The post-mortem has already begun to find possible causes of the recent riot and looting in London and other cities in England, and to find possible solutions. Several causes have been mentioned on the air-waves by the politicians and the general public.
Some put the blame on the education system, arguing that schools have lost control of discipline. Others put the blame on lack of parental responsibility- arguing that parents have failed to tell their children the difference between right and wrong. Still, others believe its just greed which has taken hold of today’s society. Others still argue that the cause of the riot was an expression of anger and alienation. The list is endless. I will sum it by saying Britain’s society is broken.
In the past few days politicians both in government, and opposition and the police have all unveiled measures they believe will help tackle the social problems which exploded in our face in the past week. Some of the measures unveiled to tackle the broken society include; plans to make all 16-year-olds carry out National Citizen Service, ending the “chilling effect” of the human rights culture in Britain and health and safety rules that damage society, programmes to encourage good parenting, war on gang culture, more police on the street.

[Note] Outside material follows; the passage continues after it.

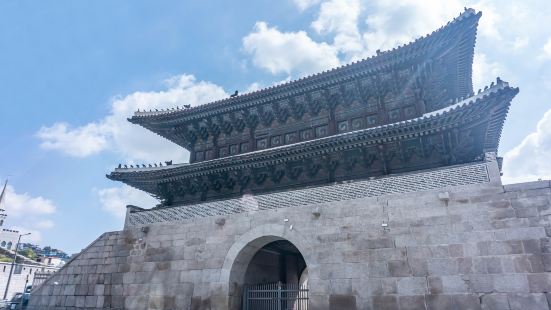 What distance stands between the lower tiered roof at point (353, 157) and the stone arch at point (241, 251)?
241 cm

Whilst I agree with most of the measures suggested, one thing missing, although not surprising, is the mention of God or anything to do with religion. It appears as if religion has no role in 21st century Britain. Are the actions and inactions of the religious bodies to be blamed for this sad conclusion? Many of the most challenging issues that we face in this country have a religious dimension and yet it appears the religious bodies are voiceless.
It’s a fact that many politicians and the population in this country “don’t do God”, but given what we are faced with, I will say a little bit of “God doing” would help. Therefore, I will put God on top of my corrective measures. In many ways religion continues to define our lives and it is very important that our social policies reflect that.
It’s also a fact that the few who claim to “do God” actually do very little. How many people of faith actually live out their faith – by way of exemplary life at work, family homes, and in public? By our actions and inactions we have caused great grief to some members of the society. Within the church itself our contribution is minimal. Many have adopted the Me, Myself, and I mantra much to disadvantage of the church and society at large. Many just come and go without caring what happens in the church or the neighbourhood. It’s about time we paused and reflect how we are “doing God”. Very few people invest their time in church activities and roles. They will rather stay on for few more hours at work to get extra pay or bonus than to volunteer to help the Sunday school, or Boys and girls Brigade. If we can’t invest our time, ideas and expertise in running the church can we invest our time in helping the neighbourhood youth club or the Scout group?
I believe faith has much to say about challenges facing our society today. We must really live out our faith. The Methodist Lectionary last week gave a very classic example of how we can all help to reduce the inequality in our society. In Genesis 45:1-15, we have a perfect example of how we should live if society is to survive and thrive. Joseph was sold into slavery by his jealous brothers, suffered sexual harassment under Portiphar’s wife, falsely accused and put into prison, Years later, when famine struck Israel it was Joseph who came to the aid of the family by proving them food and a place to live. Today many will say I suffered alone to get what I have got why must I share? Famine has struck our society- majority are the have-nots.
If we want society to survive and thrive we must have the spirit of sharing, and as people of faith we must be the ones to lead.